Task instructions: Without reproducing any image, print the listing below exactly.

Dataset section:
.....
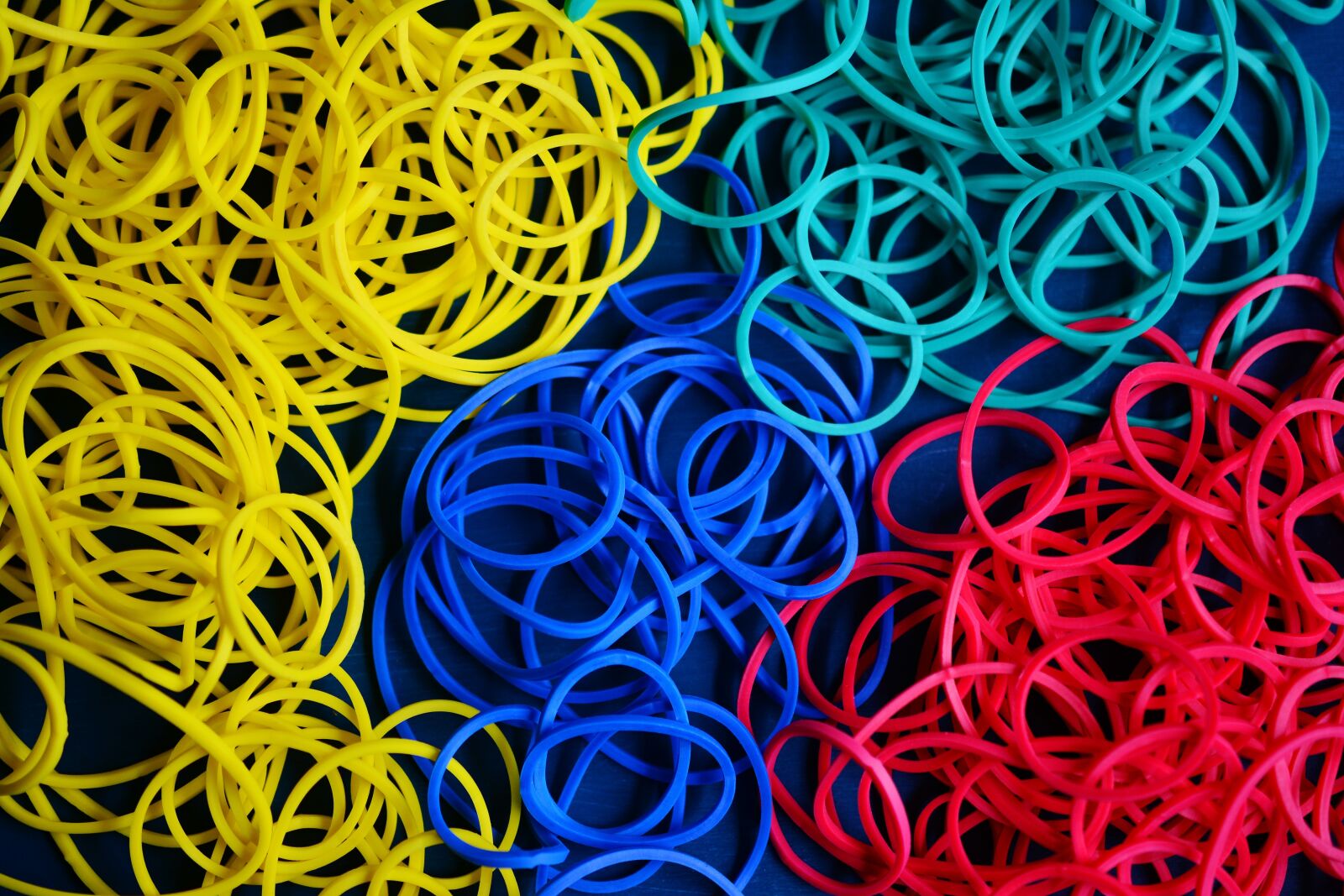 Nikon D5200 sample photo. Rubber rings, rubber, annular photography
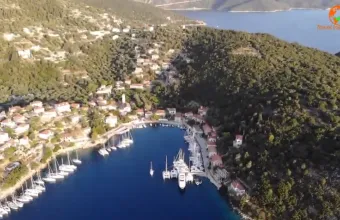 Κιόνι από ψηλά: Το πανέμορφο γραφικό χωριουδάκι της Ιθάκης που έζησε ο Καραϊσκάκης (Vid)
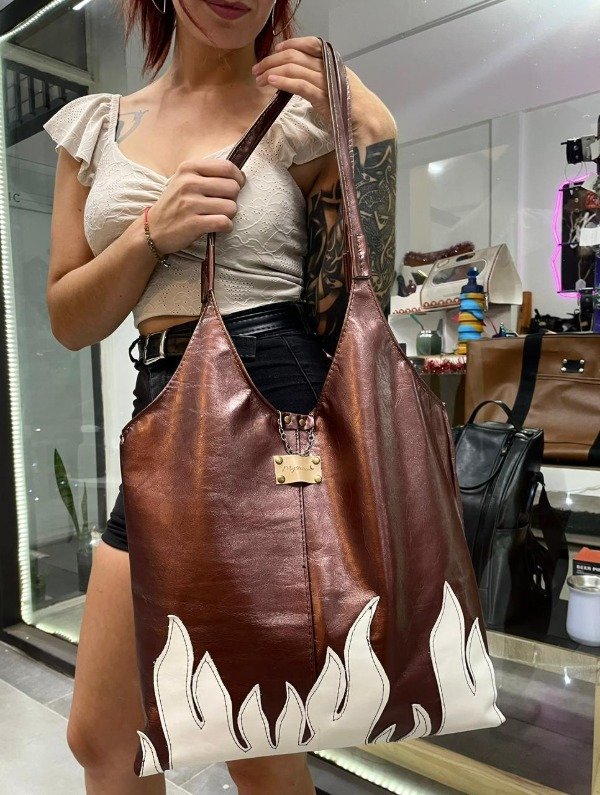 Producto - Hobo cuero Suela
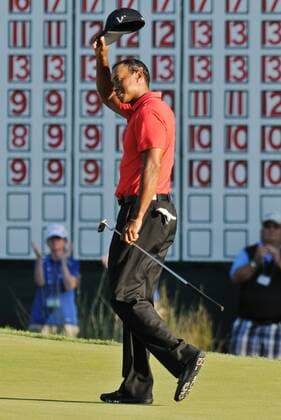 03 September 2012:Tiger Woods tips his hat to the crowd after finishing his final round during the Deutsche Bank Championship at TPC Boston in Norton, MA Editorial Use Only GOLF: SEP 03 PGA Golf Herren - Deutsche Bank Championship- Final Round Icon147120903008 EDITORIAL USE ONLY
.....
Exercise output:
 Nikon D5200 sample photo. Rubber rings, rubber, annular photography
 Κιόνι από ψηλά: Το πανέμορφο γραφικό χωριουδάκι της Ιθάκης που έζησε ο Καραϊσκάκης (Vid)
 Producto - Hobo cuero Suela
 03 September 2012:Tiger Woods tips his hat to the crowd after finishing his final round during the Deutsche Bank Championship at TPC Boston in Norton, MA Editorial Use Only GOLF: SEP 03 PGA Golf Herren - Deutsche Bank Championship- Final Round Icon147120903008 EDITORIAL USE ONLY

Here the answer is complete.